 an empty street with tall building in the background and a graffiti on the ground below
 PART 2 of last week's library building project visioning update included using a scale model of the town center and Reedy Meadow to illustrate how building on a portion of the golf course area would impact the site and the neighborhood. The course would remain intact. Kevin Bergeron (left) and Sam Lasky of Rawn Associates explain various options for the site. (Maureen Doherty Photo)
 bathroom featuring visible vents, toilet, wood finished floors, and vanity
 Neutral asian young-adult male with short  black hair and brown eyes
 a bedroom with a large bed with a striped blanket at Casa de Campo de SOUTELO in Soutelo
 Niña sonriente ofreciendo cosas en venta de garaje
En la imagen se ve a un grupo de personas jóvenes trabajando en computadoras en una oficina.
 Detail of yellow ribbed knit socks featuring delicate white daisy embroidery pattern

---

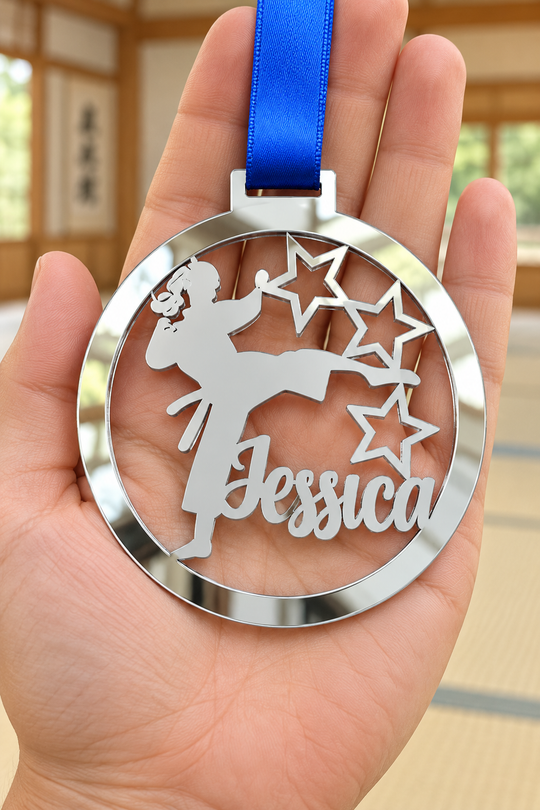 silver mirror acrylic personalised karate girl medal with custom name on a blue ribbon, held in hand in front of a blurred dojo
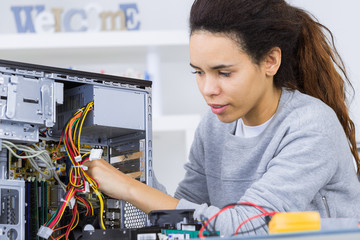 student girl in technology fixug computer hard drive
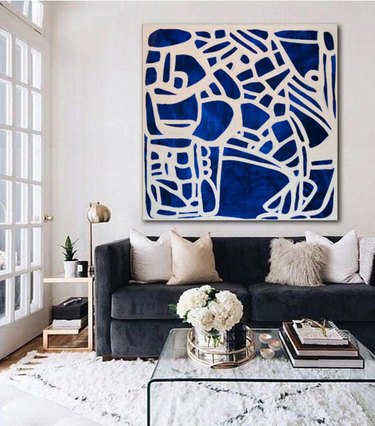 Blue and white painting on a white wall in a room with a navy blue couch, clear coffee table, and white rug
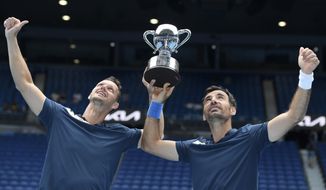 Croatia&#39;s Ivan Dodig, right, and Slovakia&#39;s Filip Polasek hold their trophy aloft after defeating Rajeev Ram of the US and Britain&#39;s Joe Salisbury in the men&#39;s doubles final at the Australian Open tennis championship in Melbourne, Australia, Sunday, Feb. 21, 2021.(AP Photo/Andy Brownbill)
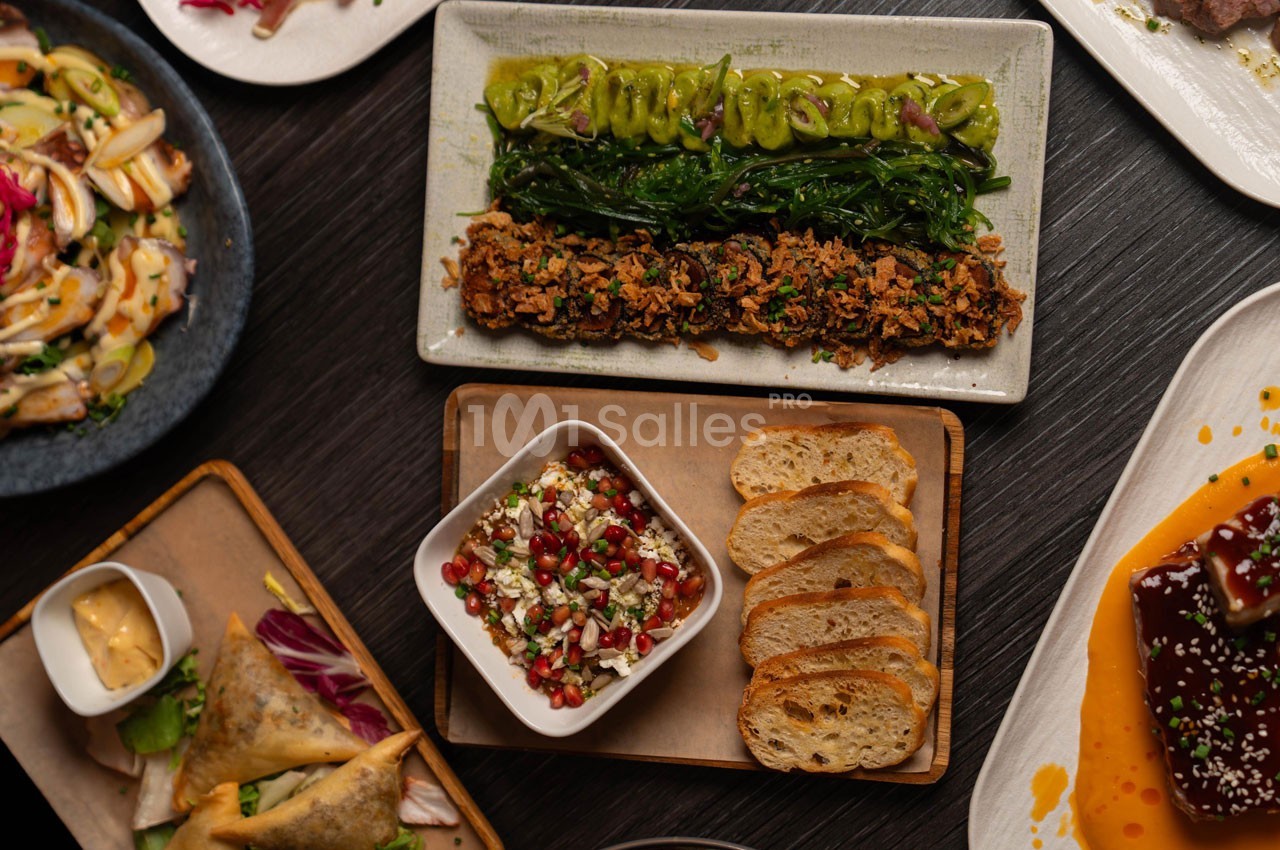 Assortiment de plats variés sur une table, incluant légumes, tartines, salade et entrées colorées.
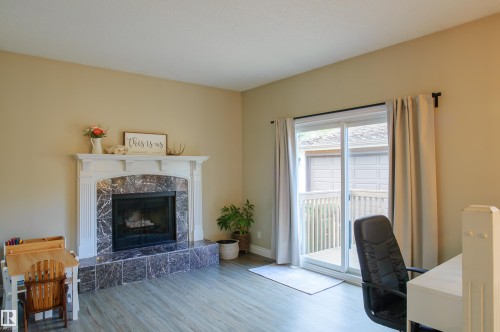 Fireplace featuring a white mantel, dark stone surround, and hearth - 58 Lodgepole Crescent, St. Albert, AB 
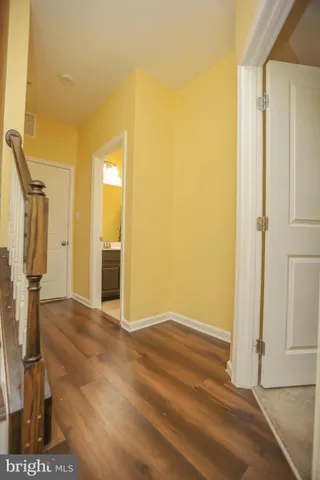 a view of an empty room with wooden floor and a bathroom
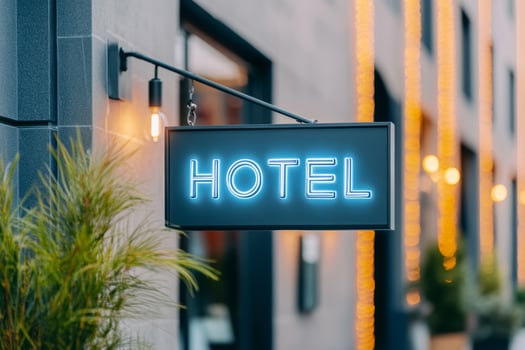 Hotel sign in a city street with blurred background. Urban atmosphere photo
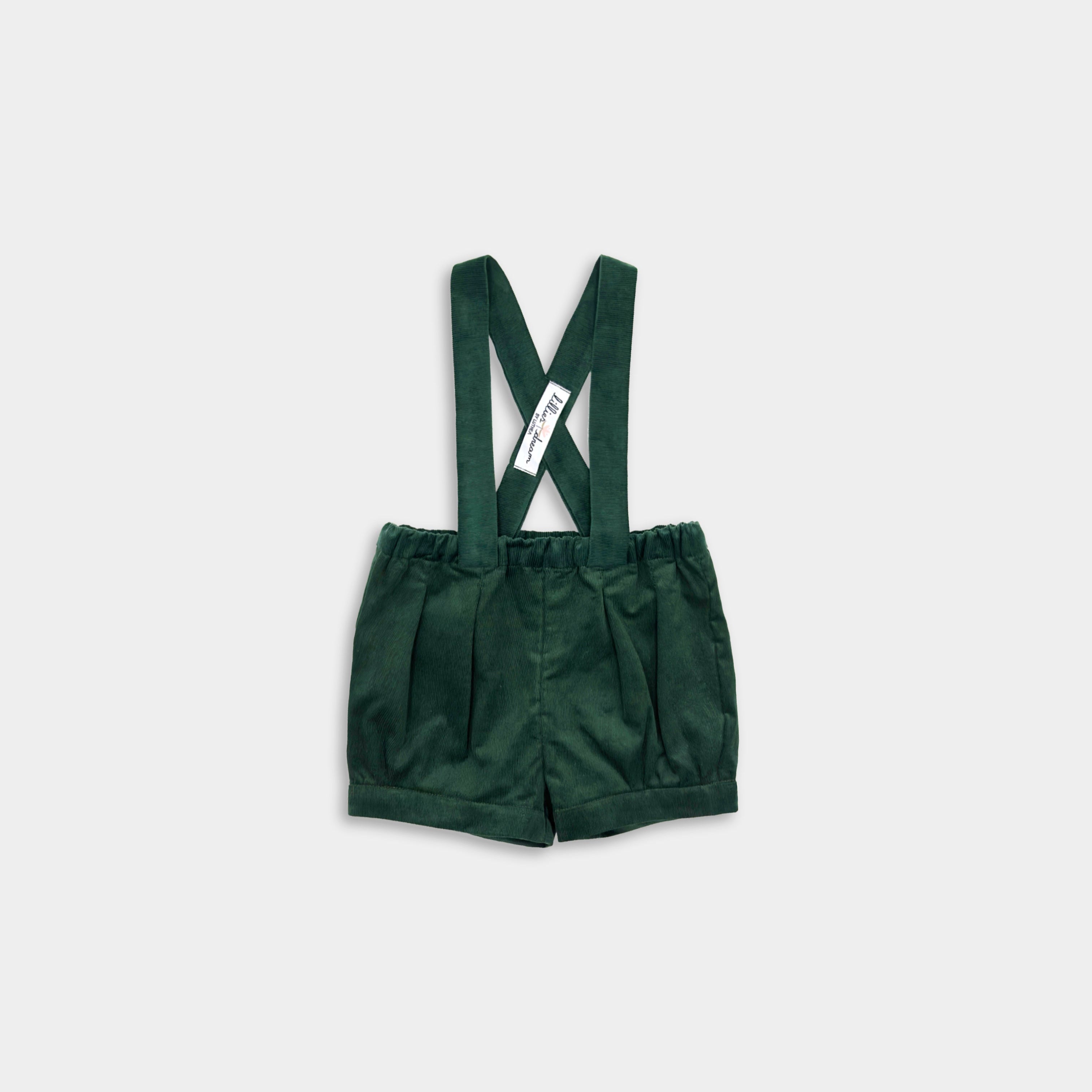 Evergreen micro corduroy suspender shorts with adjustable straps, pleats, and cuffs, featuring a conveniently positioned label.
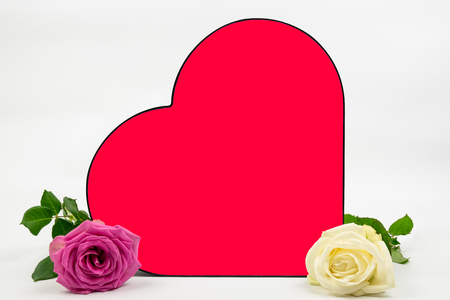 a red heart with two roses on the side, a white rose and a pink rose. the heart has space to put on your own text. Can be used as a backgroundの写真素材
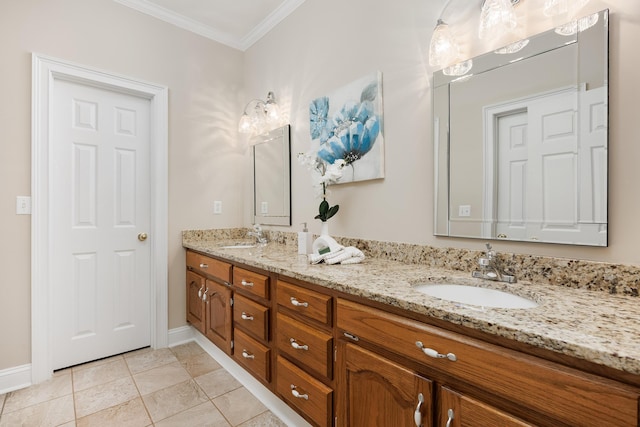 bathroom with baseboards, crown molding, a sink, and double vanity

Work request:
Copy the lines of the data above exactly as written, beginning with the line containing "an empty street" and ending with the line containing "Niña sonriente ofreciendo", and leave out all other lines.

The completed task:
 an empty street with tall building in the background and a graffiti on the ground below
 PART 2 of last week's library building project visioning update included using a scale model of the town center and Reedy Meadow to illustrate how building on a portion of the golf course area would impact the site and the neighborhood. The course would remain intact. Kevin Bergeron (left) and Sam Lasky of Rawn Associates explain various options for the site. (Maureen Doherty Photo)
 bathroom featuring visible vents, toilet, wood finished floors, and vanity
 Neutral asian young-adult male with short  black hair and brown eyes
 a bedroom with a large bed with a striped blanket at Casa de Campo de SOUTELO in Soutelo
 Niña sonriente ofreciendo cosas en venta de garaje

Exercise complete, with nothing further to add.